When I got to my last six months or so, maybe six or nine months of using, I would get high, and I would still feel the effects of the high except that the feelings beneath it, all the anger and sadness and hopelessness and all that stuff wouldnt disappear anymore. It would still be there while I was high so then I would be, you know, messed up, you know, high, stoned, except I still would be feeling sad about something, anger, and it would only enhance that emotion rather than take it away.
I actually said to myself that I wasnt going to use a lot of drugs, and I said that to my parents and stuff, but, I mean, that kind of just slipped away as I started getting more independent from my family, which usually happens around the time of middle school, late elementary school, early middle school. And I just started overall anti-authority, so I figured any messages that came from authority was either lies or just trying to manipulate my behavior, coerce me to do something that I dont want to do, so drugs seemed to be, you know, something that made sense actually, because it was like, Well, they didnt want me to do it, so Im going to see whats so bad about it.
During my using people did talk to me about it occasionally.

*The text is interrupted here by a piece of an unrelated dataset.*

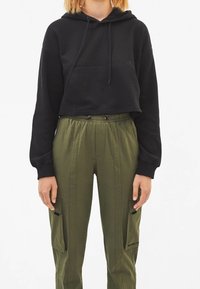 Svart avkortad hoodie med snoddar, kombinerad med olivgröna cargobyxor med sidofickor och resårmidja.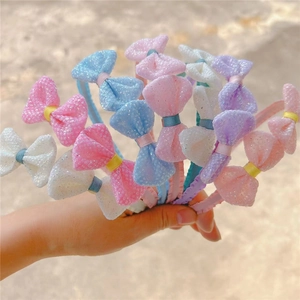 Detail of glittery sequin bow headbands in various pastel colors for girls and children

My mom she said that she figured it out when I was about 14 that something was going on with drugs, but she didnt know what do to about it and she did know how severe the problem was. Later on when they would start finding things cause the longer I used the more careless I would get they would start finding more and more things in my room, around the house, in my car that kind of thing. They would confront me with it and by that point, once I knew that they knew, I was like, Well, fine, OK, you know. Now do whatever you want to me, but I am going to keep using, basically. As any drug addict would tell you, its hard to hear somebody say that, well, We think that you have a problem. Its really hard to hear that. I just basically fought with it or ignored it and closed up any feeling I had about it with more drugs.
I cant pinpoint the exact age I realized I had a problem with drugs, but I know that ever since, ever since, Id say 14 or 15, I felt something was wrong. I just didnt tie it to the drugs ... my denial was so thick that drugs didnt seem to have anything to do with it. When drugs stopped covering up my emotions, thats when I started to think something was wrong here.

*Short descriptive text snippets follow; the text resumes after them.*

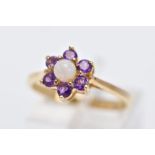 A 9CT GOLD OPAL AND AMETHYST CLUSTER RING, designed with a central opal cabochon (one claw has moved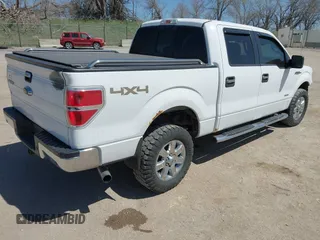 2014 Ford F-150 XL with VIN 1FTFW1ET6EKF37386, listed as a IAAI auction lot 42026773 with 137,759 mi miles and . Bid and sale history available at DreamBid. Image 4.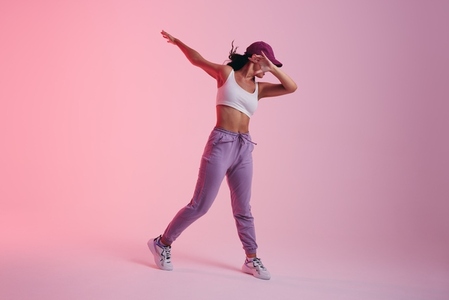 Young woman doing the dab dance move in a studio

My peers helped me see the reality of it that drugs were affecting me in a negative way. And what I didnt understand then was that Im a drug addict who would use anything and everything, so if marijuanas not there, Id use alcohol. What I failed to realize was that any drug was what I was addicted to ... anything that gets me away from reality.

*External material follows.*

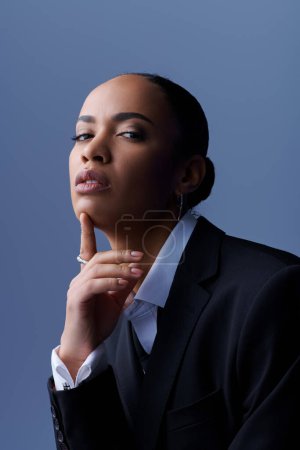 A young African American female model in a business suit posing for a professional portrait.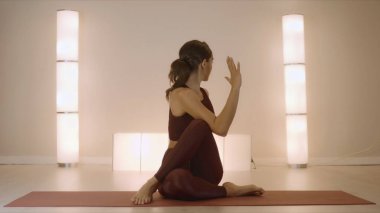 Omurga bükme pozu veren bir kadın. Stüdyoda yoga yapan formda bir kız.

My goal is on going to stay clean today rather than avoiding drugs, because Ive learned that after a while sometimes there certain triggers and certain things that you just cant eliminate. When I do something that I know is wrong, I can feel it and I feel that guilt and thats something I didnt have when I was using drugs. I didnt have that conscience there I numbed it, and now that Im clean, you know, now I have to face that. and I say, Wait a minute; that was wrong. So I had two choices: I could either go numb with drugs or I could choose to do something about it. And if I get high, if I dont die, it would almost be worst than death because I know what kind of misery I was in when I was getting high everyday.
I believe that my peers did have much more of an influence in my life ... I listened to my peers more than I listened to my parents, definitely, or my brother, and they had much stronger impact on anything that I would do. I mean, I think that is normal not just for drugs addicts but just for adolescents in general.